▶ Description of the task: Would you retype exactly the lines below, starting with the one that has "Obrázek produktu Jednoduché" and going on through the one that has "Nadal se tomará", with no pictures and nothing else?

▶ Data listing:
^^^^^^^^^^^^^^^^
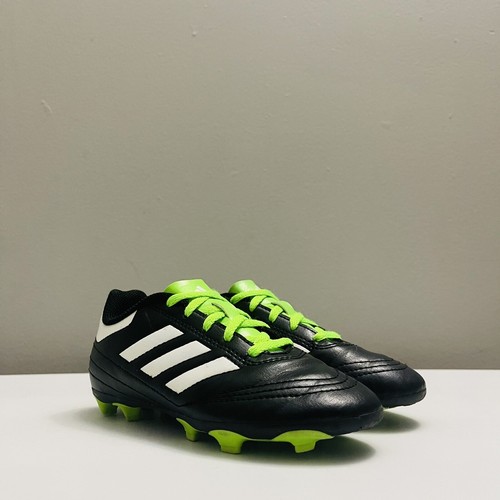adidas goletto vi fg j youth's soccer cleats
^^^^^^^^^^^^^^^^
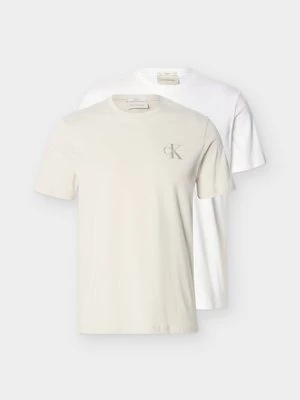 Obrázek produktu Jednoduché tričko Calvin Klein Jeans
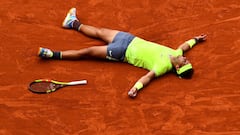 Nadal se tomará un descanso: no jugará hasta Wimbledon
^^^^^^^^^^^^^^^^
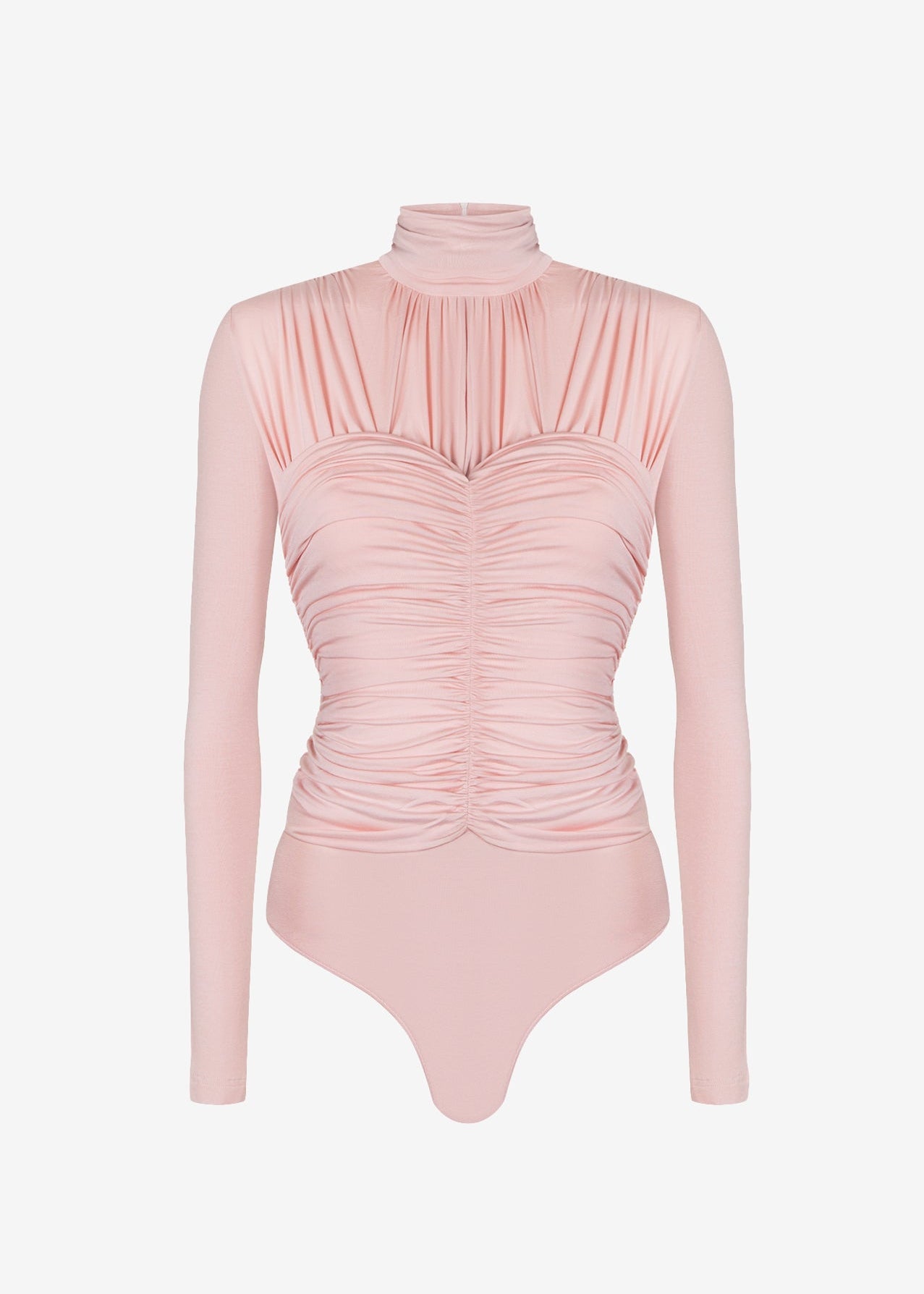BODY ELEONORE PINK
^^^^^^^^^^^^^^^^
▶ Task solution:
 Obrázek produktu Jednoduché tričko Calvin Klein Jeans
 Nadal se tomará un descanso: no jugará hasta Wimbledon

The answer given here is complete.